It was an hour before dawn. The sun priest's room was dark, except for a candle that he never extinguished, for it was his protection against the dark forces of the night.

The small cubicle was heated by the scalding hot stream that ran underground. The heat manifested itself in the form of tendrils of steam curling upwards, clearly visible, like the heads of a gigantic hydra, snaking towards the sun, as if to swallow it whole.

The High Priest slept tranquilly, his mind at rest and his subconscious swathed in ethereal light. His matted hair, which fell over his shoulders and his chest in knots and tangles, and his dense beard, were wet with the steam that permeated the inner sanctums of the massive stonework temple. The priest awoke, rejuvenated, and ready to do the Lord's work once again, with astounding vigour.

The morning was fresh and the air was cold and clear, as it was bound to be in the mountains. All around the Temple of Light were huge green rolling hills, all glistening as the morning's gift fell upon the dew drops on their trees and other foliage.

Fog enveloped the lower parts of the great mounds, the valleys being practically invisible, swallowed by the cloud-on-the-ground.

The hill where the temple had been standing for over half a millennium, had no fog around it, because of the hot stream that snaked its way through it.
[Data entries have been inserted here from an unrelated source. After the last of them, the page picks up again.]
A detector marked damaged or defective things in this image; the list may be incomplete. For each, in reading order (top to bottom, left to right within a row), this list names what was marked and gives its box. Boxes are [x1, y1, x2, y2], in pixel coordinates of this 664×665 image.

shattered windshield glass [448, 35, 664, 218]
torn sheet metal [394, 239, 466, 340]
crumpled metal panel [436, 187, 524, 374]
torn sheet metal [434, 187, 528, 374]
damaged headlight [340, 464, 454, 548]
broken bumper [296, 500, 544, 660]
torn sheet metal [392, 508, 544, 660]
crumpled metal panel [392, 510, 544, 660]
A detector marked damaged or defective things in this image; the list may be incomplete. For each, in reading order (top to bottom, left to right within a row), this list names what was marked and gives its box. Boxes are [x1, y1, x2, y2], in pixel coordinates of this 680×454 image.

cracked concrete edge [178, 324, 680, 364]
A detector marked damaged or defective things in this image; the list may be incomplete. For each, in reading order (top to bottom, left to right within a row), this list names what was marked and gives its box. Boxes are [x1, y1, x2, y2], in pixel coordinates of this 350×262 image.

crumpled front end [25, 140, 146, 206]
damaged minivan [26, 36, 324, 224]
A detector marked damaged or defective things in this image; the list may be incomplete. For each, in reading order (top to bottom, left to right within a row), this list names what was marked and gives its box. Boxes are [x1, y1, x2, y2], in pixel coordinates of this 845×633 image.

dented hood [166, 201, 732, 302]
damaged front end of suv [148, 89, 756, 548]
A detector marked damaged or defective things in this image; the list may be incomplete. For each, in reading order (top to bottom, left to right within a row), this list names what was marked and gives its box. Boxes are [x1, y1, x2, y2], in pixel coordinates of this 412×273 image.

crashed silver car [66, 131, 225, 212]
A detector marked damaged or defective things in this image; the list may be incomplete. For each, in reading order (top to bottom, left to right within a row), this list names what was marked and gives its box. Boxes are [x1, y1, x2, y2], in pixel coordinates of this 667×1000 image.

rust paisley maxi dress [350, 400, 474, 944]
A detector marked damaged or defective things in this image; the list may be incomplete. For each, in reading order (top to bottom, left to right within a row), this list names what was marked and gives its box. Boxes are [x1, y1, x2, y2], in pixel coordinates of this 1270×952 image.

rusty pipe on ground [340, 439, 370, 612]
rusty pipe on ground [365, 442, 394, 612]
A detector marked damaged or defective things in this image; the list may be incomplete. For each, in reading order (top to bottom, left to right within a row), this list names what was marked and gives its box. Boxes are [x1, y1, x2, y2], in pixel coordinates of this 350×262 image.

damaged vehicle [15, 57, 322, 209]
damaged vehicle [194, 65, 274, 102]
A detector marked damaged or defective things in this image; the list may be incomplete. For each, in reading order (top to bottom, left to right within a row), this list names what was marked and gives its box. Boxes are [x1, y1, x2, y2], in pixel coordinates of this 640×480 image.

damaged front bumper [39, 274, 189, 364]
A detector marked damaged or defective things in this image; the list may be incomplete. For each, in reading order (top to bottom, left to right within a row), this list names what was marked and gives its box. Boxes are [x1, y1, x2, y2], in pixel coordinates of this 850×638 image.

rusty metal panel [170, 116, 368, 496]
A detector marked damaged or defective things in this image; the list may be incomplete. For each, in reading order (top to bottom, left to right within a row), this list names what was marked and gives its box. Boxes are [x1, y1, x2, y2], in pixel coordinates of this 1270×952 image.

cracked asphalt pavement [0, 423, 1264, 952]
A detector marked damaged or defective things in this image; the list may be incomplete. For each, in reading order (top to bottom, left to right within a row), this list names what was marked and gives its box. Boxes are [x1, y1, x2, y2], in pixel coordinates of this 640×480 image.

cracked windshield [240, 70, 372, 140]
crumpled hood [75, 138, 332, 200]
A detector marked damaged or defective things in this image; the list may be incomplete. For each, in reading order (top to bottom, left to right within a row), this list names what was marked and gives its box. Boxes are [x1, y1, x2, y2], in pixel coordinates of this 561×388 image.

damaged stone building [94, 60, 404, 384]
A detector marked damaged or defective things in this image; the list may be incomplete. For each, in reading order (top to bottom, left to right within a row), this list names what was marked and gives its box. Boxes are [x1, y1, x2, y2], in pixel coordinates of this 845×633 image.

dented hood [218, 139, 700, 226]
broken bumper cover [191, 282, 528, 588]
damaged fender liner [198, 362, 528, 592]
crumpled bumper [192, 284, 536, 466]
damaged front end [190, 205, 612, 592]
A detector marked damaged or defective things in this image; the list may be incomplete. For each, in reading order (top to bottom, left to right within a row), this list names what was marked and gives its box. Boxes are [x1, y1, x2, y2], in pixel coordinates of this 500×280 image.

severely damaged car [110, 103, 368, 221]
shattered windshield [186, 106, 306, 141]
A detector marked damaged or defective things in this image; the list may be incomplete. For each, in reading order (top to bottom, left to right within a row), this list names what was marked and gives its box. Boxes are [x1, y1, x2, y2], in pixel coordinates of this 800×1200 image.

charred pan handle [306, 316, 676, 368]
Gradually, a cool wind began to blow. It dispelled the fog. It was in the windy and light flooded courtyard that the monks gathered. The floodlights gave off painful white light. Cars pulled up to the huge stone gate. Men in suits got down from the expensive, luxurious and chauffeured cars. The sun had thrown a few streaks of orange on the sky above the east. Birds chirped and squirrels ran through trees.

There was activity in the monks' ranks, but all disciplined, composed, conscious activity. Chaos was unknown.

A group of young monks huddled in a corner, shivering in the icy wind, which they weren't used to. More than a few of them had red noses and watery eyes. They were there to name themselves.

The Order of the Worshippers of the Sun believed in the power of self-realization, and so did not place much emphasis on names. Once they were inducted into the Order, acolytes could name themselves whatever they thought appropriate to their level of spiritual enlightenment. The more experienced men and women named themselves something seemingly random, but close to what defined life for them.

I was in their steps only a few decades ago. How long it seems to be, the High Priest thought. He had been exceptional. At the age of twenty two, he had been more detached and wily than those who were then at the top. He knew where the world was meant to go. He also knew that he could not change it's fate. Only a few things would last longer than anything the earth would see in the future. So when asked what he wanted to name himself, he simply replied, “Rising Sun”.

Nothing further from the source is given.